Arduino challenge.... SOLVED
This page started life as an "invitation to bid". Since then, my need for what I would have paid for has gone away.
I have spent too many hours re-inventing wheels. Just this once, I would have liked to avail myself of someone else's expertise.
I would have paid if you had put together a package for me that illustrates some basics of using an Arduino or clone across a LAN. In the end, I did it myself... with help, of course, from many postings on the internet. My Arduino now connects to PCs on my LAN... and can be accessed across the internet, as well.
I can now offer you several fully worked up apps, with (most of) the sourcecode, allowing the following.

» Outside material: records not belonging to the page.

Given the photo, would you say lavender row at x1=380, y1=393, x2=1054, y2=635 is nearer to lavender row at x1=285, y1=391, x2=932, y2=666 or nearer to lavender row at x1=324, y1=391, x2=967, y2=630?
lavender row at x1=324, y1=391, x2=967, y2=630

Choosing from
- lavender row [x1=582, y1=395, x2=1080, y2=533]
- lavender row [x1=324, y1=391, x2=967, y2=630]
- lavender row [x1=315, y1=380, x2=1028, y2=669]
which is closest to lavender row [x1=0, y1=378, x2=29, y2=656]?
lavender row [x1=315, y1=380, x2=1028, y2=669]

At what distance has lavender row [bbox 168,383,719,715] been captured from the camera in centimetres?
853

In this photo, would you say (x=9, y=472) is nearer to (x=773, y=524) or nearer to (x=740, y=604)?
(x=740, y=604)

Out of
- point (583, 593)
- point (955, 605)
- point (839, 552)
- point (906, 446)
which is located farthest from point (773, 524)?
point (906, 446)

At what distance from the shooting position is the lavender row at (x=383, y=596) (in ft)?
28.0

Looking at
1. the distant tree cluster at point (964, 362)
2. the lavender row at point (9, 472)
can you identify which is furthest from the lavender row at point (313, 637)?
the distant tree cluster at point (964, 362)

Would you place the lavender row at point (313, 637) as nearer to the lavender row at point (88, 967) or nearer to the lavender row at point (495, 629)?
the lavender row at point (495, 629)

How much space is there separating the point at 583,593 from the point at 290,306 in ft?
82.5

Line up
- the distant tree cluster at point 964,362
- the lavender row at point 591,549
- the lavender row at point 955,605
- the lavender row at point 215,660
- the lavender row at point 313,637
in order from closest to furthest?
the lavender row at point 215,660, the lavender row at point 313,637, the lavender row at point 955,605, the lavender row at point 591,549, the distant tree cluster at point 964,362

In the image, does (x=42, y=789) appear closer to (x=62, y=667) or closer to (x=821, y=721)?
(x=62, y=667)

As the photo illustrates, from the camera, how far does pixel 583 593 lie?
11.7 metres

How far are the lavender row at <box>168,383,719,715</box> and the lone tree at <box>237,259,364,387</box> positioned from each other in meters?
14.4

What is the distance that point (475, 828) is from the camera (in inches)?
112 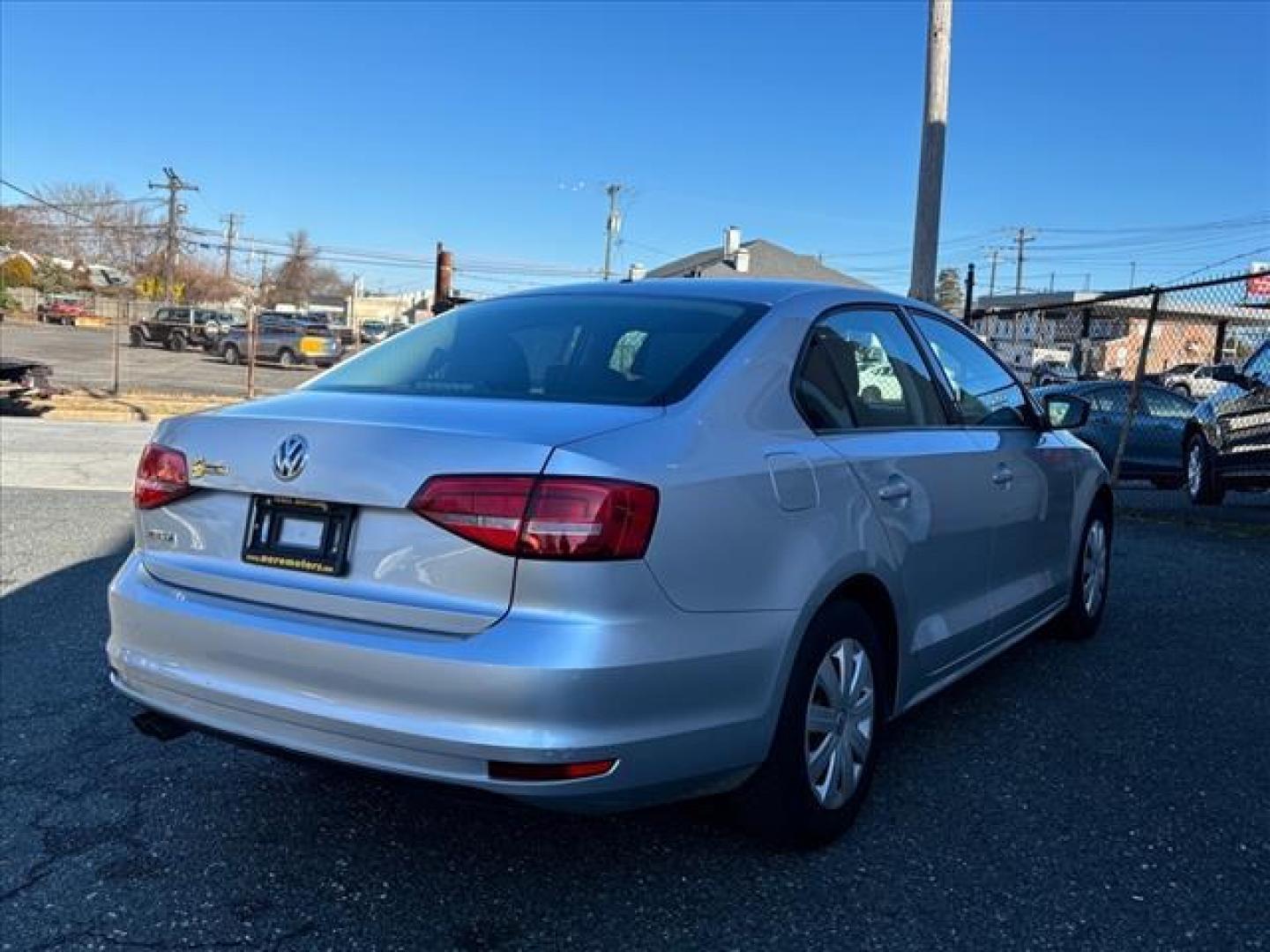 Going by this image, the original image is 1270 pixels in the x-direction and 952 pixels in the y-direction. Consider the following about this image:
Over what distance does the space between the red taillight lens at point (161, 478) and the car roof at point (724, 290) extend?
1375 mm

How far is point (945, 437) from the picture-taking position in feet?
12.5

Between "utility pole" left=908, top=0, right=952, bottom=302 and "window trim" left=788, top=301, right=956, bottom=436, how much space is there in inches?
287

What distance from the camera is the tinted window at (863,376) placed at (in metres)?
3.19

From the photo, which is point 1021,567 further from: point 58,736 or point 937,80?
point 937,80

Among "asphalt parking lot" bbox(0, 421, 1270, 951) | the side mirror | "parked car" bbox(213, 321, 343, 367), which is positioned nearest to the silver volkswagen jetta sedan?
"asphalt parking lot" bbox(0, 421, 1270, 951)

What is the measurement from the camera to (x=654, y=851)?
3096 mm

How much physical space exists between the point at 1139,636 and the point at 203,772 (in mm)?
4440

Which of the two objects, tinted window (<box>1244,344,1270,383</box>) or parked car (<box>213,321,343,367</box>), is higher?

The only sourcecode which isn't available is the sourcecode for an advanced PC (Windows) client for the ArduSimpSrv... but the ideas on which it is built are all set out clearly. Reinvent that if you must. Copies of the compiled client app are available for free.
A "naming of parts" detail: When I say "ArduCino" in what follows, I mean "Arduino or clone". The apps work on Arduino clones, not somehow be tied by considerations of the physical connectors, etc, to the "official" Arduino. If it will translate to the ModernDevices / Wulfden RBBB, that's sufficient "portability" to win the contract. Some of the solutions are W5100 based, others use the ENC28J60.
If you want what is described here, you should go to my Arduserver.com site.
The app I created has an Arduino "sitting" on an ordinary Ethernet LAN, at a fixed IP address. It has the device's IP address set to something like 192.168.0.81. The IP address can be changed by connecting the Arduino to a host PC over the usual serial link, i.e. the one used for programming the Arduino. The IP address is hard coded into the sketch taking care of everything else. No use is make of DCHP services, to keep the system to be as simple as possible.
The Arduino is a server. Inputs and outputs of the Arduino can be read (the inputs) or set/ cleared (the outputs) from a client, connected across the LAN or internet.
It is possible for a Windows PC (sorry) on the LAN to run a small app, written in Delphi 7 to have this ablility to converse with the Arduino.
The ArduCino-to-LAN hardware is available from established sources, and not too fancy or expensive.
The software in the ArduCino either does not use external libraries, or uses libraries which are not hard to find. (Only the ENC28J60 solution uses a 3rd party library.)